> Exercise prompt
In the entries below, find the line with "White Ostrich Feathers – 2 Pcs, 6-8 Inch" and the line with "EPS 해외이미지 꽃". Reproduce those two lines and every line between them exactly, and nothing more.

> Provided records

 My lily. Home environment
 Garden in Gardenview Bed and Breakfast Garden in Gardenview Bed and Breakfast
...
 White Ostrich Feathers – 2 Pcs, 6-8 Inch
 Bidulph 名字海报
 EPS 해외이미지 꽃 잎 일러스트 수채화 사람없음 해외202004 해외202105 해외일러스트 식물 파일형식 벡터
==
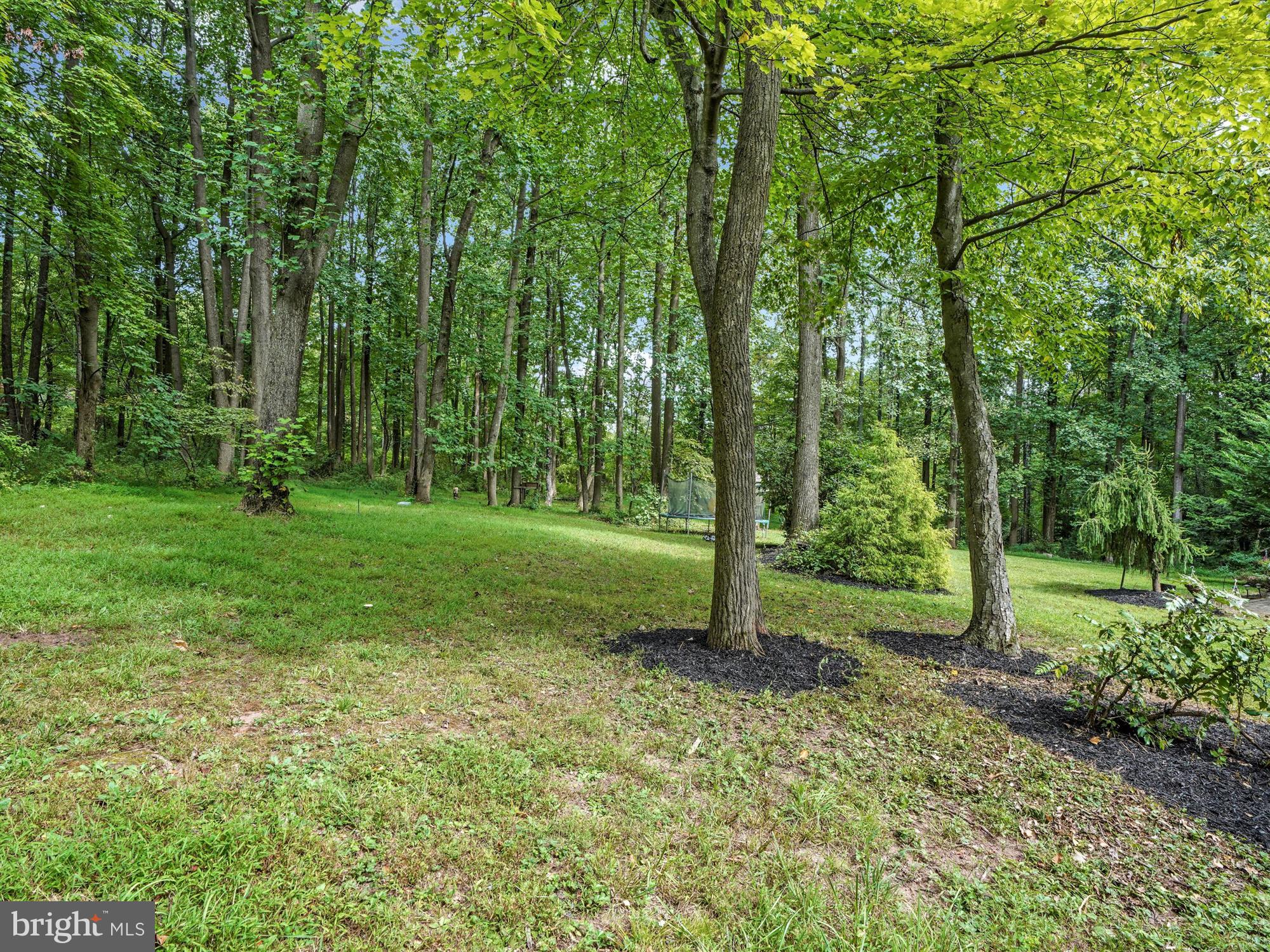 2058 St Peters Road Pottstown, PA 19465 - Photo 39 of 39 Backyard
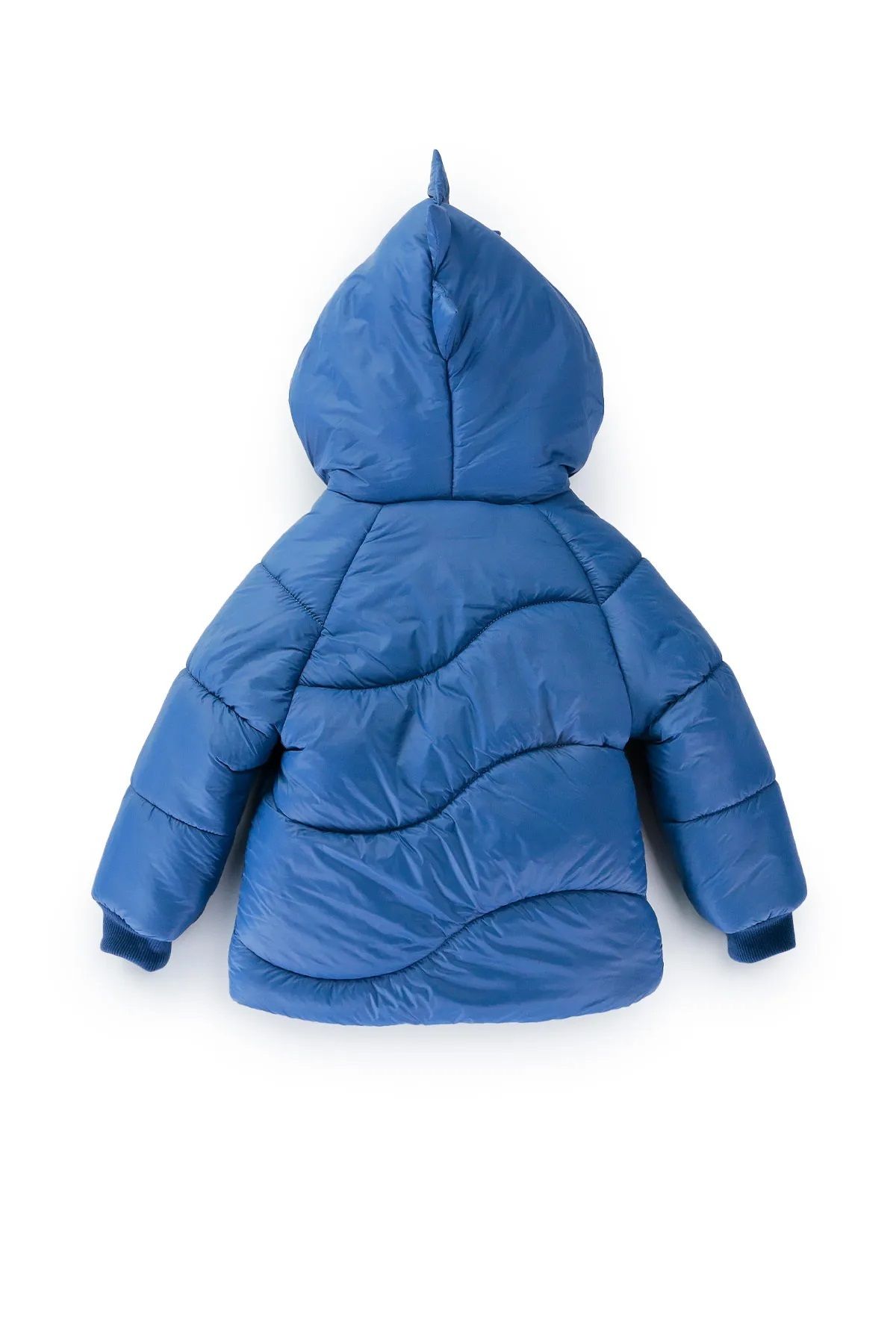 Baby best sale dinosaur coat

> Output of the task
 White Ostrich Feathers – 2 Pcs, 6-8 Inch
 Bidulph 名字海报
 EPS 해외이미지 꽃 잎 일러스트 수채화 사람없음 해외202004 해외202105 해외일러스트 식물 파일형식 벡터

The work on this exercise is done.